Nonmusicians often underestimate the impact that music has on other people’s lives. This is not just some part-time dalliance or hobby. For many people, music is a part of every waking moment.
Even if our jobs aren’t music-related, many of us have melodies running through our minds constantly. Some people hear voices; others of us hear songs. Which brings me to my next point: Some of you need to change your ring tones to something that sounds more like a telephone. Please, I’m beggin’ you. I know this sounds overly critical, but when some stupid song blares piercingly from your tiny phone speaker, it’ll run through a nearby musician’s mind for an hour or so. Don’t believe me? I’ll prove it with four words: dogs barking “Jingle Bells.” There. That oughta do it. Now try getting that insipid ditty out of your head.

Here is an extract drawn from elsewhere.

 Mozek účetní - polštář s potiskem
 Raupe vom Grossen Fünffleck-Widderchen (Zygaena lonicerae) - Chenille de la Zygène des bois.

As Americans intensify our focus on education — led by our president, not to mention an editorial to the left and three articles to the right on the Other Opinions page — it’s troubling that music remains largely missing in this national dialogue. Full disclosure: I’ve got a dog in this fight … or, perhaps in the post-Michael Vick era I should say I have a horse in this race. Our son is an assistant band director at a large high school near Dallas, and at three feeder middle schools. It’s hard to imagine what Billy’s world would be like without music education, or what life might be like for hundreds of fearful, fragile adolescents who are influenced by his teachings.
As a child, Billy needed no career counseling. He sang as soon as he could talk, and he broke more than one wooden spoon on an overturned pot. So, it seemed only natural that, the first time a band director’s baton descended in front of him, Billy was certain about his life’s work.
Fortunately for him, Texans elevate their music education almost as high as their Friday night lights. Public school bands, choirs and orchestras in that state are among the best in the country. But, unfortunately for many young Americans, music and other extracurricular activities are perched perilously on the chopping blocks by frantic school budget writers.
Hooray for science, math
Last Tuesday evening President Obama pledged that “over the next 10 years, with so many baby boomers retiring from our classrooms, we want to prepare 100,000 new teachers in the fields of science, technology, engineering and math.” I could not agree more. As our country falls further behind in the global race for technological superiority (and, hence, economic survival), these subjects must play a bigger role in our schools.
But it is a dereliction of part of our duty to our children when their public schools become so narrowly focused that music, sports and other activities lose leverage.
Many young people will choose to remain in school for years to come. For them, learning naturally evolves into teaching. Obama seemed to acknowledge as much: “… to every young person listening tonight who’s contemplating their career choice: If you want to make a difference in the life of our nation; if you want to make a difference in the life of a child – become a teacher. Your country needs you.”
He didn’t say anything about becoming a music teacher or a coach, but many of us couldn’t help but think about those forces in our kids’ lives.
Somewhere in Clark County, there is a girl whose only reason for dragging herself to school tomorrow morning is to play a sport. Yes, she’ll go to class, study and make decent grades. But for her, it’s not to learn. It’s to play a sport, perhaps later to coach. There’s also a boy whose only reason to attend school is to learn how to clumsily assemble a clarinet and clamp a reed upon it, later to play it and years later perhaps to teach others how to do the same. These two are not alone. Countless other kids are in the same situation.
There is more to life than math and science. Sports and music enrich our children’s lives. For some kids, these influences are powerful and permanent. Perhaps they’re powerful in your life, too. Don’t believe me? Let me prove it by ruining your next hour or so: “Don’t tell my heart, my achy breaky heart …” Sorry ’bout that.